─── Data extract

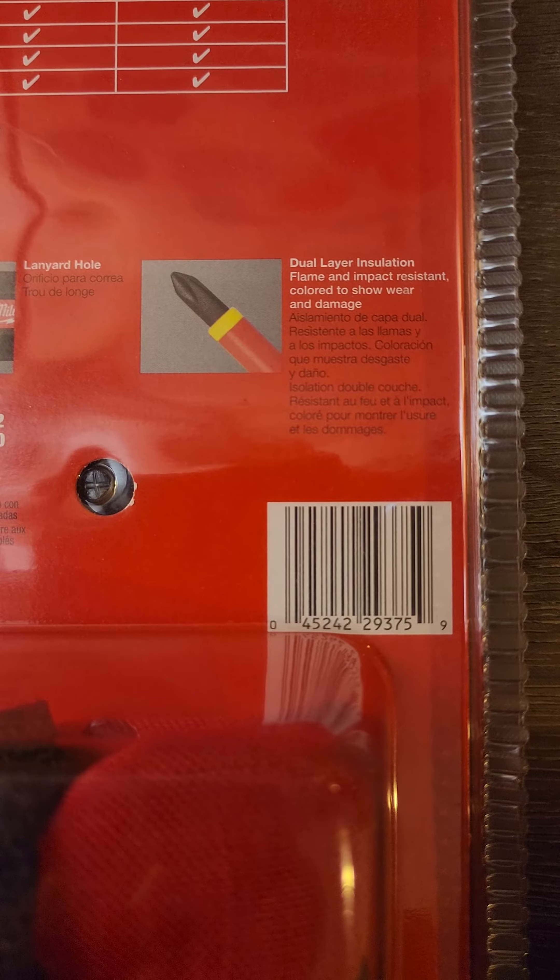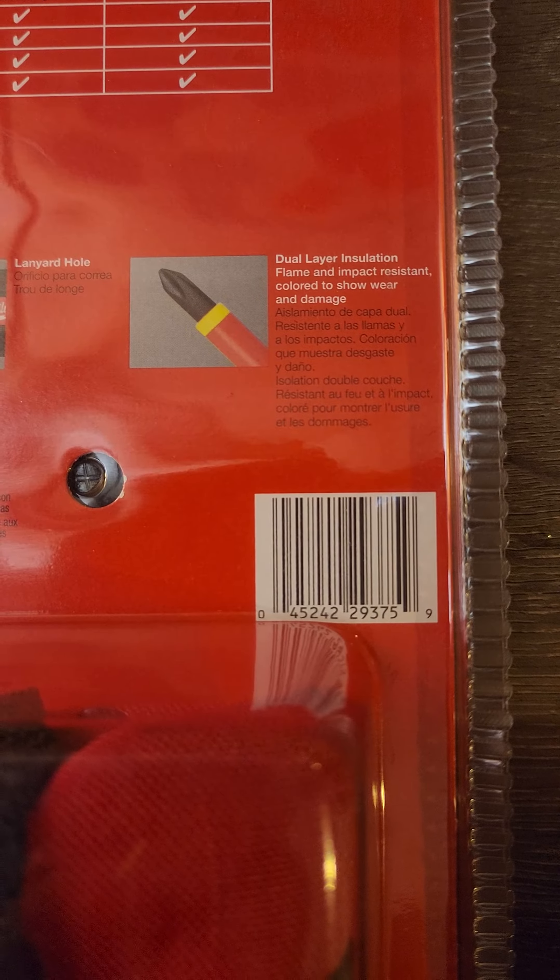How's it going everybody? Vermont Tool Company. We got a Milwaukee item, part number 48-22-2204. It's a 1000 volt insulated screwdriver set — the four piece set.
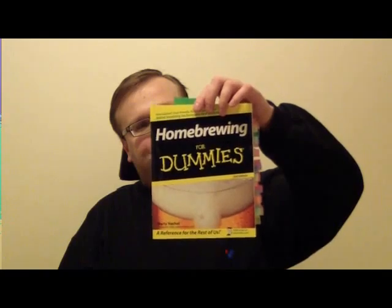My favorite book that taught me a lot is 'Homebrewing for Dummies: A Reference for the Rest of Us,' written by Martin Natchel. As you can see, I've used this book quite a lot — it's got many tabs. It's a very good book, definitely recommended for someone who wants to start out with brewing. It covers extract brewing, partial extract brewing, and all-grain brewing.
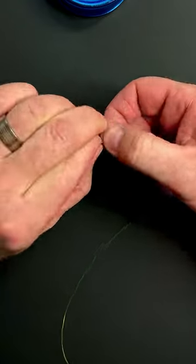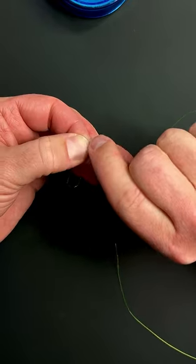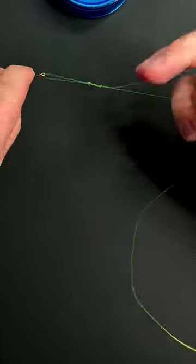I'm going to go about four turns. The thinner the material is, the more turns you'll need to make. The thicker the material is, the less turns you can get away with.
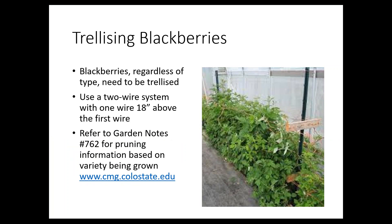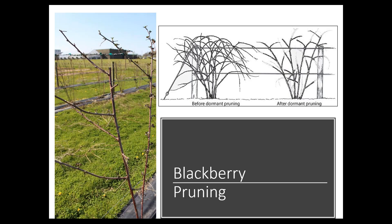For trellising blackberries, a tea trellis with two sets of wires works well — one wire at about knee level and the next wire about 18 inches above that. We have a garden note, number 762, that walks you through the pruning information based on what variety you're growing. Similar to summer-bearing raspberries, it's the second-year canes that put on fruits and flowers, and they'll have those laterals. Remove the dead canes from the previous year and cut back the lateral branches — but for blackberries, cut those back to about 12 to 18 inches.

──────

* [Problem to solve]: Where the data contains images, drop them and print the rest exactly.

* [Response area]:
How's it going everybody? Vermont Tool Company. We got a Milwaukee item, part number 48-22-2204. It's a 1000 volt insulated screwdriver set — the four piece set.
My favorite book that taught me a lot is 'Homebrewing for Dummies: A Reference for the Rest of Us,' written by Martin Natchel. As you can see, I've used this book quite a lot — it's got many tabs. It's a very good book, definitely recommended for someone who wants to start out with brewing. It covers extract brewing, partial extract brewing, and all-grain brewing.
I'm going to go about four turns. The thinner the material is, the more turns you'll need to make. The thicker the material is, the less turns you can get away with.
For trellising blackberries, a tea trellis with two sets of wires works well — one wire at about knee level and the next wire about 18 inches above that. We have a garden note, number 762, that walks you through the pruning information based on what variety you're growing. Similar to summer-bearing raspberries, it's the second-year canes that put on fruits and flowers, and they'll have those laterals. Remove the dead canes from the previous year and cut back the lateral branches — but for blackberries, cut those back to about 12 to 18 inches.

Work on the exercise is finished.